Polysemy | 501A

Works

Polysemy

「言葉」を単位として執筆・推敲できる、英語学習者・ライター向けのMarkdownエディタ

概要

Polysemyは、「文字ではなく、より大きな抽象度で文章を編集できないか?」という問いから生まれた、実験的なブロックベースのテキストエディタです。単語や段落を一つの塊(ブロック)として扱うことで、より直感的でリズムの良い執筆体験を目指しています。

課題

一般的なテキストエディタの操作は、一文字単位の「タイピング」が基本です。しかし、文章の構成を練り直したり、言い回しを微調整したりする際、細かな範囲選択を繰り返すのは手間がかかります。また、キーボードから手を離してマウスを操作するたびに、思考の流れが途切れてしまうという課題もありました。

解決策

Polysemyは、キーボード操作を重視するプログラミングエディタの思想を取り入れ、文章作成の体験を再構築しました。すべての操作をキーボードだけで完結させることで、書き手は思考を止めることなく、コンテンツの作成に没頭できます。

文字単位ではなく「言葉」や「段落」の単位で移動・編集が可能です。単語間を正確にジャンプしたり、文の順序を入れ替えたりといった操作が淀みなく行えます。また、エディタを離れることなく類語を検索したり、特定の範囲を素早く選択して加工したりすることも可能です。

開発と実装

大学1年生の時に開発を始め、現在もアップデートを続けています。心地よい執筆体験を実現するため、操作に対してわずかなアニメーションや視覚的なフィードバックを加え、手触りの良さを追求しました。
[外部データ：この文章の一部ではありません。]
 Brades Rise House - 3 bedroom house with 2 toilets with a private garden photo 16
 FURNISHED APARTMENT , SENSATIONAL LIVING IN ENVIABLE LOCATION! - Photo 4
プログラミングの魅力は、キーボードを叩くことで思考が即座に形になる「禅」のような感覚にあると考えています。Polysemyでも、余計な装飾を削ぎ落とし、すべてが瞬時に反応するような操作感を目指しました。

ブランディング

ブランディングにおいては、書くという行為が持つ「技巧」と「美しさ」を表現したいと考えました。それを象徴するのが、書籍や文学作品で長く愛されてきたセリフ体(明朝体系)のフォントです。ロゴにはセリフ体を採用し、名前は「Polysemy(多義性)」と名付けました。書き手が言葉の持つ多様な意味を探求し、より豊かな表現を見つけられる場所であってほしいという願いを込めています。

Polysemy ロゴPolysemy アイコン

今後の展望

このプロジェクトは現在も実験の最中にあり、実装したい機能がまだ数多くあります。

エディタの可能性をさらに広げ、書くというプロセスをより豊かに変えていけるよう、開発を続けていきます。